Amrozi attends Ramadan prayers at Batu prison on Nusakambangan island, Indonesia (01/10/2008)
Amrozi's apparently callous attitude in court angered many
One week before a court sentenced him to death for his part in the Bali bombing, Amrozi appeared before the media to sing a song.

"Continue the holy struggle, get rid of Zionists, get rid of the Christian filth. God is great, this is my song," he sang, smiling broadly from behind a prison compound's bars.

It was not the first time Amrozi's behaviour had created surprise.

After his arrest in November 2002, his seeming good humour earned him the sobriquet of "the smiling bomber", as well as the vitriol of the press in Australia, where many of the Bali attack's victims lived.

And he surprised police by saying Americans were their intended victims, when Australians were far more likely visitors to the island.

Amrozi bin Nurhasyim was born in 1962 in the sleepy village of Tenggulun, a few miles inland from the coast of East Java, the fifth of 13 children.

Described as something of a black sheep, Amrozi did not do well at school, appearing more interested in motorbikes and girls.

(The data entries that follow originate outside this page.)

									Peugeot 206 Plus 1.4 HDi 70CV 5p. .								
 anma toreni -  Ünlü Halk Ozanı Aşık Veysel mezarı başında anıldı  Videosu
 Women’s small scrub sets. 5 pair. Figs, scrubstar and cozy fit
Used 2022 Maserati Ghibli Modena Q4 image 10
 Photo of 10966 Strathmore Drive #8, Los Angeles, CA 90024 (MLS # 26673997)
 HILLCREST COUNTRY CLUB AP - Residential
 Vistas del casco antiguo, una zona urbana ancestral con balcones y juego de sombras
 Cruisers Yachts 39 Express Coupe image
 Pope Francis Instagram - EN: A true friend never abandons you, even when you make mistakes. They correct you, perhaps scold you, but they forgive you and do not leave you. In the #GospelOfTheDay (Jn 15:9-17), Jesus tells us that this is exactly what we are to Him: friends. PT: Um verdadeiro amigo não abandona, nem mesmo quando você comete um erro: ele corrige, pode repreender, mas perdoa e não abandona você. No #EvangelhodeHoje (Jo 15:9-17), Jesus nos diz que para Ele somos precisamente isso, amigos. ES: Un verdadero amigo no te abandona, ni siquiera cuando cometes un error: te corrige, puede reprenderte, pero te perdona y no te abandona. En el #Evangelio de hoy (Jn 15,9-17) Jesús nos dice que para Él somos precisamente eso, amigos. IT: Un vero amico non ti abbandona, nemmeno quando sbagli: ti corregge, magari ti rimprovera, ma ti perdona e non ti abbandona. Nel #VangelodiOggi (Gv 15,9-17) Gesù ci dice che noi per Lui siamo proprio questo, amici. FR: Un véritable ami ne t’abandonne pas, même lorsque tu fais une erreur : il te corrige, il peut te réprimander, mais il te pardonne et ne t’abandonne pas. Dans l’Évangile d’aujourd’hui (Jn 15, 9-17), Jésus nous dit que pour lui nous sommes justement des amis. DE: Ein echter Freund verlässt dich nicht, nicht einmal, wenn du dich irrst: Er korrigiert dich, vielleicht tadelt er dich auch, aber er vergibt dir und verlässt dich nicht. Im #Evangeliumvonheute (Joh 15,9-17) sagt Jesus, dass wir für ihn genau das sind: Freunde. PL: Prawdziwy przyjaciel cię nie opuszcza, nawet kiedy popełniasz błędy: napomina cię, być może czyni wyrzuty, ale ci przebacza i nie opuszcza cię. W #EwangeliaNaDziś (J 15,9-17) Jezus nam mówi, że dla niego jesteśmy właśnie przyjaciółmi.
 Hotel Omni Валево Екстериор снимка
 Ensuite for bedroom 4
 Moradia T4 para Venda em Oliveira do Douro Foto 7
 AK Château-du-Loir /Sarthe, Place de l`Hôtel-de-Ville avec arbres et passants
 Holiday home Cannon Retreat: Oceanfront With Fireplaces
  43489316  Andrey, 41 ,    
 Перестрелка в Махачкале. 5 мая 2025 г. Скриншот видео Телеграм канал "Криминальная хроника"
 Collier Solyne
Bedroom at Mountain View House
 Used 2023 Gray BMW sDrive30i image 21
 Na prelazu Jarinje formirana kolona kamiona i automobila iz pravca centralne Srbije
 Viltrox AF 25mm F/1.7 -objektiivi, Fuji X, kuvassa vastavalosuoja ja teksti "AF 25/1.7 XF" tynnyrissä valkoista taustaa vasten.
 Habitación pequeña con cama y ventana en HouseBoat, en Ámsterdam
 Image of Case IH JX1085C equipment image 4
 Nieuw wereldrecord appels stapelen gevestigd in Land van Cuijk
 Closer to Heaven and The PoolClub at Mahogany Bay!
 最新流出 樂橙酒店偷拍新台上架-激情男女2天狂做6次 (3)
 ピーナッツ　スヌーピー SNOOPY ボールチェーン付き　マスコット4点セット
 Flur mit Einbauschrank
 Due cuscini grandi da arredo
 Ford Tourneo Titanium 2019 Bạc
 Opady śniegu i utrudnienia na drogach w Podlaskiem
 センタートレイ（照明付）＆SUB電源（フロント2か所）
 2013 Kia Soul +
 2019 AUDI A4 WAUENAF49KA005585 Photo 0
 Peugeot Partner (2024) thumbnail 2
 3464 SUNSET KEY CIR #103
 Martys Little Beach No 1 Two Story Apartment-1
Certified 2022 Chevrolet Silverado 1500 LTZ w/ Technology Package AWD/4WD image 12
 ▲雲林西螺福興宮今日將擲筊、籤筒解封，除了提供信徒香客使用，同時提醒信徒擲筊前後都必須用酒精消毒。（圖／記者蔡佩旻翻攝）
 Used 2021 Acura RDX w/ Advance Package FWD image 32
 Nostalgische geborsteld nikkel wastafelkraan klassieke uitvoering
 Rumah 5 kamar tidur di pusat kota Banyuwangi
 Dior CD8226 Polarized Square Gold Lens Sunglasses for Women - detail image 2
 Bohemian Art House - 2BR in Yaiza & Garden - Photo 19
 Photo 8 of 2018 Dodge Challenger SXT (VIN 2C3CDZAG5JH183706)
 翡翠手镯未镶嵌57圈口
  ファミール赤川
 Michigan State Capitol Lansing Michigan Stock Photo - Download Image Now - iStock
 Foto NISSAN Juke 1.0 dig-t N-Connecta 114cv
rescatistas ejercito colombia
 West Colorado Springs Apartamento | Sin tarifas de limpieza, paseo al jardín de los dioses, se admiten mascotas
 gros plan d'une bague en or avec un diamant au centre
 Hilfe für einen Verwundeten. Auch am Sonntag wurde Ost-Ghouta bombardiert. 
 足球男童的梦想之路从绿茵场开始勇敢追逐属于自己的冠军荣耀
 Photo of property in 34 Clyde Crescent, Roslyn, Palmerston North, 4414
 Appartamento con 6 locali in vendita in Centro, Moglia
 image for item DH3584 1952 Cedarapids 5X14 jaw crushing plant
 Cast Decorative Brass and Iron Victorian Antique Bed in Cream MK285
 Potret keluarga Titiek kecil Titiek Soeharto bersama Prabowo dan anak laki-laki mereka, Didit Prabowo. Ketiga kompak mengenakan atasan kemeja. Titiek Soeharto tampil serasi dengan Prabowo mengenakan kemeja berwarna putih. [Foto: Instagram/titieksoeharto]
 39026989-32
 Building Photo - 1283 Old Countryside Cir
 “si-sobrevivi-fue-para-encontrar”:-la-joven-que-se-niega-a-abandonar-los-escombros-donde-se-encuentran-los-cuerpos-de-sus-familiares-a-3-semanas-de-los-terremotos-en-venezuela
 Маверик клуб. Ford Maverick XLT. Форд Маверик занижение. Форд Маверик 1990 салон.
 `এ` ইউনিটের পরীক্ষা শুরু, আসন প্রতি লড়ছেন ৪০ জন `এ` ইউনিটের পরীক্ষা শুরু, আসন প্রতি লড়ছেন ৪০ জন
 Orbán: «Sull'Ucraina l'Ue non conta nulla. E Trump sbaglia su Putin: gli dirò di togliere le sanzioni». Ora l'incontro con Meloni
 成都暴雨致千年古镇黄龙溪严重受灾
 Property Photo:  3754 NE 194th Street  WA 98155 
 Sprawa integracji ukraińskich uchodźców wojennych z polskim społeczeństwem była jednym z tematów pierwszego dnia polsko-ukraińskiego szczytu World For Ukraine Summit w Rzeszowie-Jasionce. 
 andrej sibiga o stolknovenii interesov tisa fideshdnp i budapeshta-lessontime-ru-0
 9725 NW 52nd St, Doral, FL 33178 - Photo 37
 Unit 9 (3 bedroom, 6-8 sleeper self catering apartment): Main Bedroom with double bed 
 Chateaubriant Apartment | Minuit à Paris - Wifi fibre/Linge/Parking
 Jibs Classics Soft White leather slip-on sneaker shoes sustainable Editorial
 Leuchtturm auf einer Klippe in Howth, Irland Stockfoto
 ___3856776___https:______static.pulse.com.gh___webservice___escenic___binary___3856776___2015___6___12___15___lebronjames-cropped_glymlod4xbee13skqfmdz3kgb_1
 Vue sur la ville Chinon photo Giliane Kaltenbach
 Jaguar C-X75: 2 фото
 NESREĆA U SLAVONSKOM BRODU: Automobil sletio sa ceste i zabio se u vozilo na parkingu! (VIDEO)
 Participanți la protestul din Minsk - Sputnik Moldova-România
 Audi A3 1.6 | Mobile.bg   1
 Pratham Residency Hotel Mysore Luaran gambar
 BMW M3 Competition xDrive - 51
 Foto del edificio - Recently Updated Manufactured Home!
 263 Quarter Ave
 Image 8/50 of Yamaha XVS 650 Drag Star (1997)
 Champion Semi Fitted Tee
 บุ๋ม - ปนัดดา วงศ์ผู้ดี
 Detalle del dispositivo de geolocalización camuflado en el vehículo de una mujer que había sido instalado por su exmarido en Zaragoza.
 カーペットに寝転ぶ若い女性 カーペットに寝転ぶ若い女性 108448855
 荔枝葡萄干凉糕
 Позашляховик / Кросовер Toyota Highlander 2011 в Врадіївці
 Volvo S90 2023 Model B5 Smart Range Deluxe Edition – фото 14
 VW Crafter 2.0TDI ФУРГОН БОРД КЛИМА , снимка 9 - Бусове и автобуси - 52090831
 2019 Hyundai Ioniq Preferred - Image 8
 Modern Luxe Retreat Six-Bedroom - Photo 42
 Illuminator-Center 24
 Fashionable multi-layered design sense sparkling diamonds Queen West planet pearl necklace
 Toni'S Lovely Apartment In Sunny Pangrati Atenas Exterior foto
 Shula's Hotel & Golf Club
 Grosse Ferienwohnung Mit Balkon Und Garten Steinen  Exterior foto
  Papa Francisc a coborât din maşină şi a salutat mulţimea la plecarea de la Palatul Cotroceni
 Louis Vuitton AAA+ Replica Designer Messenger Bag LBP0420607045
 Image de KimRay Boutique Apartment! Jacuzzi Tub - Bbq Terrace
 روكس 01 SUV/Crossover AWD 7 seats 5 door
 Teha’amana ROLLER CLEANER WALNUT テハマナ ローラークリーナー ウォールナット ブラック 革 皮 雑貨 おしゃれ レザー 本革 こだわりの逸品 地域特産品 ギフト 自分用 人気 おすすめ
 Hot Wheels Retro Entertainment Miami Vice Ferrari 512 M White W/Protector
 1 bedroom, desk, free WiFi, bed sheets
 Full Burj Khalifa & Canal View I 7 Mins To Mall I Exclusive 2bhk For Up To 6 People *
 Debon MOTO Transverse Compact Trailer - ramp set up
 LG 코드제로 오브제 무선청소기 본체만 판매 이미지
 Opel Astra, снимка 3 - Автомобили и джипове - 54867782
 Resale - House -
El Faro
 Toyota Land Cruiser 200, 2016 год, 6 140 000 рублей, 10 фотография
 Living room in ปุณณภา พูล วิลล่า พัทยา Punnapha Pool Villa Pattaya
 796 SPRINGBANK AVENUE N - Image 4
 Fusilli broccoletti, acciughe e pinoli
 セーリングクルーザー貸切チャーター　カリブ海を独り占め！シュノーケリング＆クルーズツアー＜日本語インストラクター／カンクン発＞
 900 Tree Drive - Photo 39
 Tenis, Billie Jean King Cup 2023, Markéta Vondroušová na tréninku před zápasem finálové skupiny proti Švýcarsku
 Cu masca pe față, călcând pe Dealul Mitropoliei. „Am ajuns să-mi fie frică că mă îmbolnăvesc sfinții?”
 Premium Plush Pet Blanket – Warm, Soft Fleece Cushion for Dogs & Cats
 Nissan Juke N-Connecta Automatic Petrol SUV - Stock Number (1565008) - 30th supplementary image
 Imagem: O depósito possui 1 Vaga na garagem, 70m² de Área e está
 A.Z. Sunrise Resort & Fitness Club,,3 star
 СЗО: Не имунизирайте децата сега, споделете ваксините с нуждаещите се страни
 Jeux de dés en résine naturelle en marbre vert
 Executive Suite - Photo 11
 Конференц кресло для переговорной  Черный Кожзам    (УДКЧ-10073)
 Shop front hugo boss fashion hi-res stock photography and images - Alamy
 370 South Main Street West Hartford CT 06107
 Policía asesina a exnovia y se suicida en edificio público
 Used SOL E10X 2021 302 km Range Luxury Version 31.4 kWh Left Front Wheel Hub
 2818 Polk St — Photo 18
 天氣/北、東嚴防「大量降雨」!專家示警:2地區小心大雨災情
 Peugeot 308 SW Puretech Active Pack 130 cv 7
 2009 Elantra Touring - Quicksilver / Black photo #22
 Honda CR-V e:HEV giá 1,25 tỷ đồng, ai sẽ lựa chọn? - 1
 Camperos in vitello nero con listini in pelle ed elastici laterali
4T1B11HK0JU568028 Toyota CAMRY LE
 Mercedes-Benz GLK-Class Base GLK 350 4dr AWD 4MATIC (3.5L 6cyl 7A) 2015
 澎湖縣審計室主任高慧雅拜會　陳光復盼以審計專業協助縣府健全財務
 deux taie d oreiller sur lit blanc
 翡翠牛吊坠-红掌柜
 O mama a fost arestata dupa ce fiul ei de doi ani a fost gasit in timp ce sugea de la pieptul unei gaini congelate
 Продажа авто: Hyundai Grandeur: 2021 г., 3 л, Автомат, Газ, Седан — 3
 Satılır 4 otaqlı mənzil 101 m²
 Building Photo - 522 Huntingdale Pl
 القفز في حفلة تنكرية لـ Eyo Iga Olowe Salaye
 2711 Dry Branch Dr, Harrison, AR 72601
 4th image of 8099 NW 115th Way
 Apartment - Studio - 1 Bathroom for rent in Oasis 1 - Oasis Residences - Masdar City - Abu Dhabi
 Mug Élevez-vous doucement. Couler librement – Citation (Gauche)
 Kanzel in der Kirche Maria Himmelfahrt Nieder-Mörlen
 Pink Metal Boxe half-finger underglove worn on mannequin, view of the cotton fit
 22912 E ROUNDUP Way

Cars and vehicles on fire after the Bali bombing (13/10/2002)
The Bali blasts killed more than 200 people
His mother, Haji Tariyem, told the BBC that Amrozi was a good boy, who at the time of the Bali attacks was living at home looking after his sick father.

Brother's influence

Villagers in Tenggulun have said that Amrozi left for Malaysia in the late 1980s in search of work, and returned in 1991 with much stronger Islamic beliefs.

While in Malaysia, police said he was reunited with his elder brother, Mukhlas, a deeply religious man and also on trial for the Bali attack.

Amrozi has described Mukhlas as an inspiration to him.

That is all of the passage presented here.